SPRMs serve as synthetic steroidal signals for PRs. They may act as agonists, antagonists, or both at various binding sites within PRs. SPRMs essentially recode PRs’ genetic programs for transcription. They also change a cell’s life-and-death cycle and alter immune signaling. Through these actions, they can induce programmed cell death (apoptosis) and suppress collagen formation within fibroids to limit their growth.
Lingering questions we have about SPRMs, include:
- Especially since SPRMs are given continuously rather than mimicking the natural up-and-down cycle of progesterone, what are their long-term effects?

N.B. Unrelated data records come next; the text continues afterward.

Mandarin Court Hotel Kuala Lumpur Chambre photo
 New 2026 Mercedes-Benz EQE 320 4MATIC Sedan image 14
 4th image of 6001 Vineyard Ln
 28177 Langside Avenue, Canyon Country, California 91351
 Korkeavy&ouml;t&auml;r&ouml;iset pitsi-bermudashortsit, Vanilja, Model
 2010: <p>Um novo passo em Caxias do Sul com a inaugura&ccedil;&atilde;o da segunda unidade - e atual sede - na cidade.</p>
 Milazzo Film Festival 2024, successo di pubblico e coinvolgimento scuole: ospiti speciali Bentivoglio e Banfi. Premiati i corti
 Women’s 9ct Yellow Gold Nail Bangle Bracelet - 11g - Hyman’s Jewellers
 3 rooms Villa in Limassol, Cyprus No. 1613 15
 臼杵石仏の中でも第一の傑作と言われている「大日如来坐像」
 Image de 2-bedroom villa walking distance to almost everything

- Since SPRMs affect basic cell programming in hormone-sensitive tissues (not just the uterus) and are known to change endometrial architecture in novel ways, are they associated with an increased risk for cancer
SPRMs are now being administered in Europe, so we’ll be paying close attention to outcomes there.
Given the apparent treatment benefit of interfering with progesterone receptors, it begs the question if progesterone supplementation, which is commonly used to balance estrogen, is beneficial for all women with fibroids. Perhaps progesterone should be carefully administered in these women or clinicians could stratify risk for using progesterone in women with fibroids. Monitoring response to therapy by tracking fibroid size with pelvic and/or transvaginal ultrasound is useful- just be consistent with timing, as fibroids change with cycle hormone ratios. Further, those with larger, palpable fibroids will likely know if an intervention is effective or not themselves.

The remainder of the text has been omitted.